[What the task requires]
Return the data exactly, apart from leaving out the pictures.

[Data block]
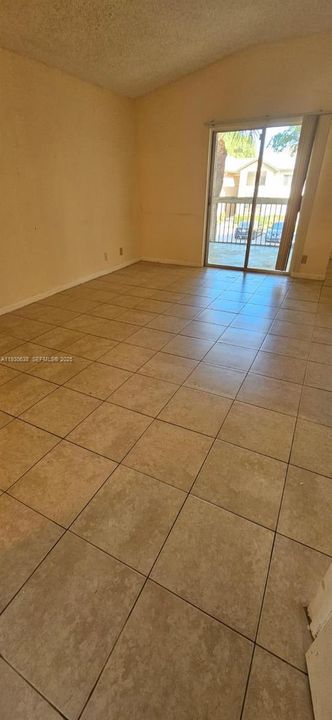 For Rent: $1,800 (2 beds, 2 baths, 850 Square Feet)
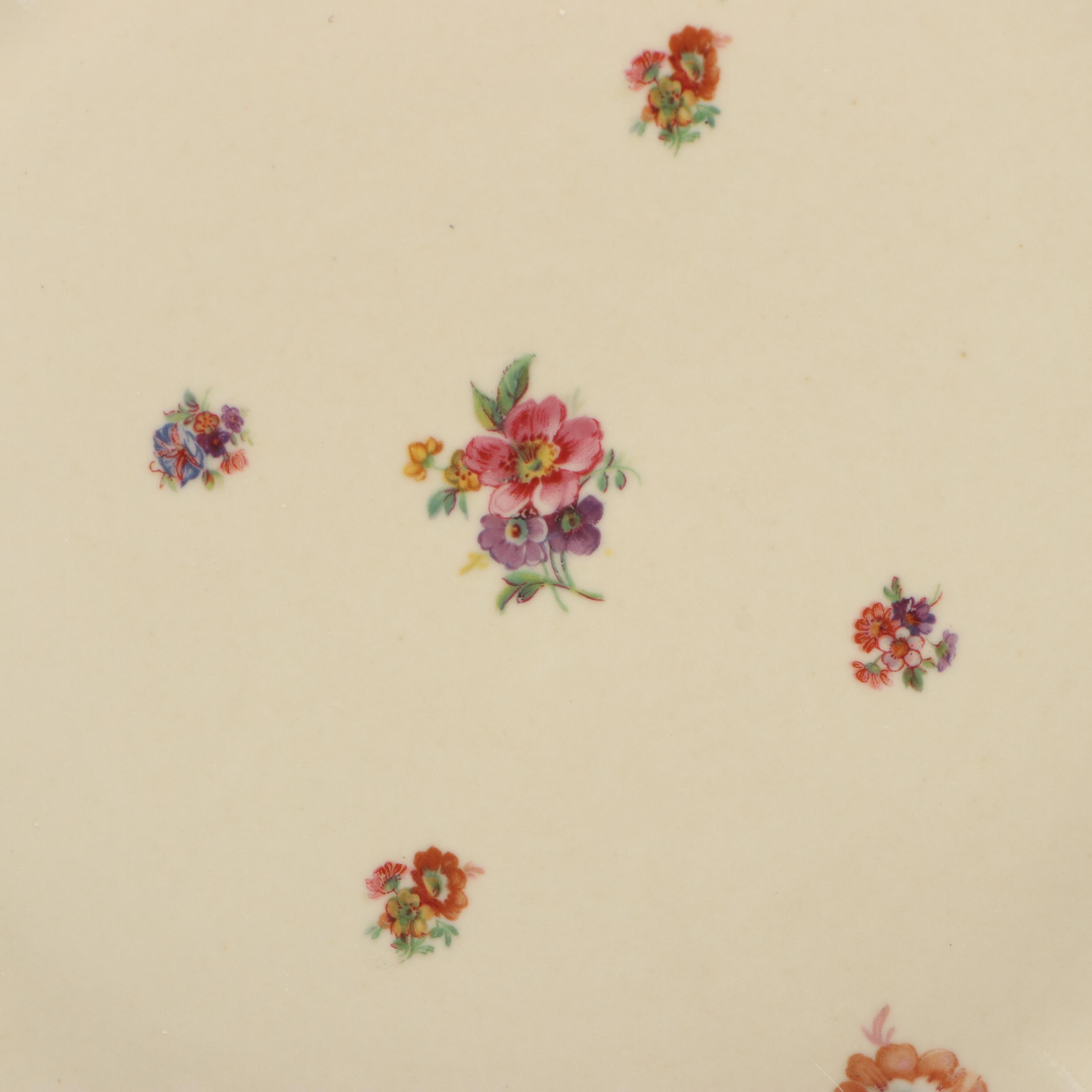 Oscar Schlegelmilch Gilt Scalloped Rim Porcelain Plates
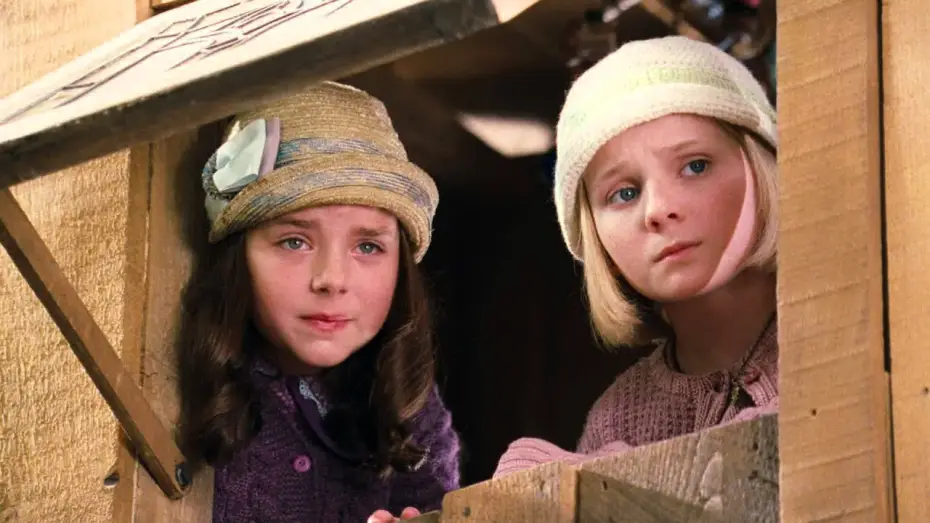 Video for the film Kit Kittredge: An American Girl — Kit Kittredge - Trailer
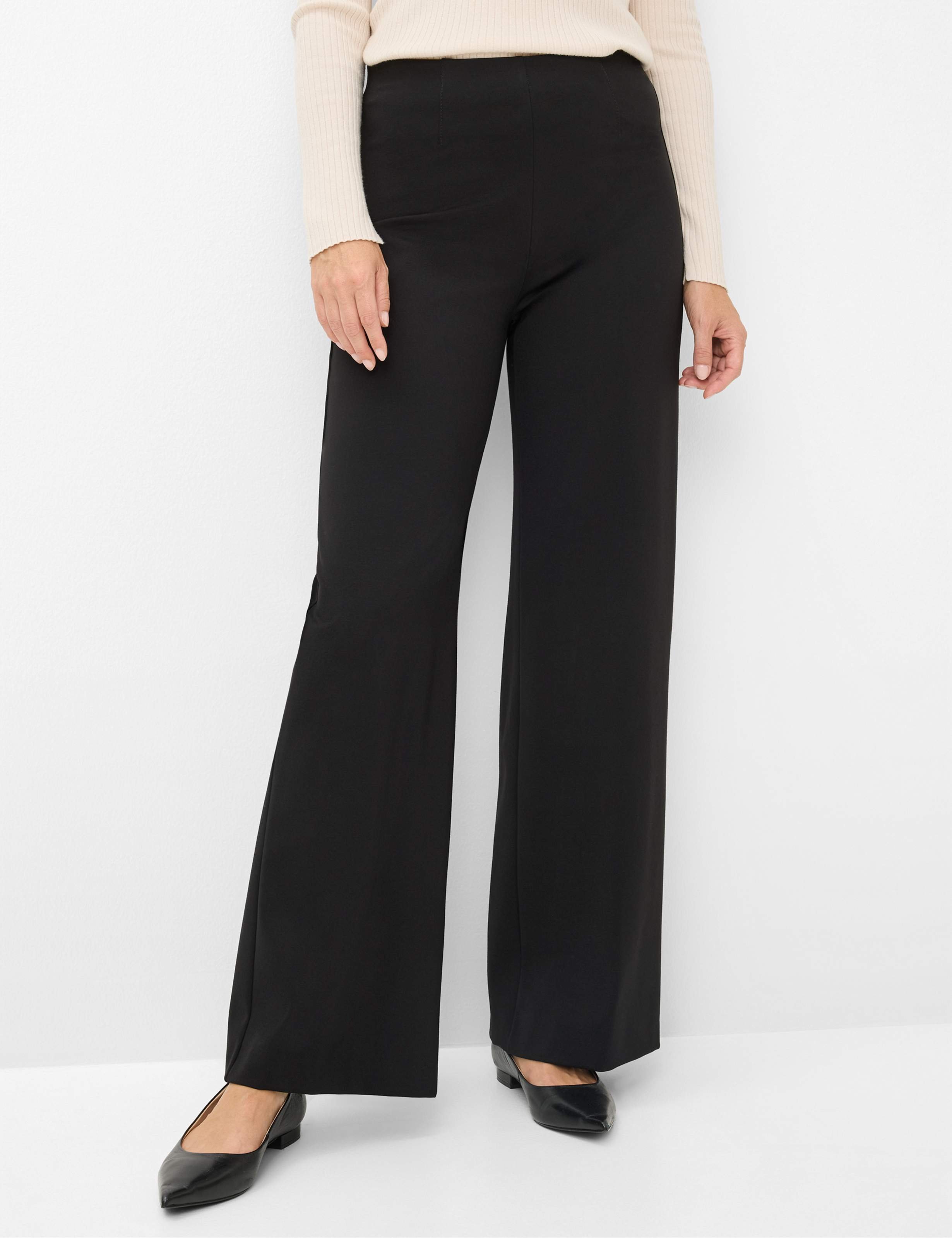 Thumbnail - Raphaela by Brax Damen Marlenehose Style LILLYTH FLARED BLACK, schwarz, Gr. 44K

[Result of this task]
 For Rent: $1,800 (2 beds, 2 baths, 850 Square Feet)
 Oscar Schlegelmilch Gilt Scalloped Rim Porcelain Plates
 Video for the film Kit Kittredge: An American Girl — Kit Kittredge - Trailer
 Thumbnail - Raphaela by Brax Damen Marlenehose Style LILLYTH FLARED BLACK, schwarz, Gr. 44K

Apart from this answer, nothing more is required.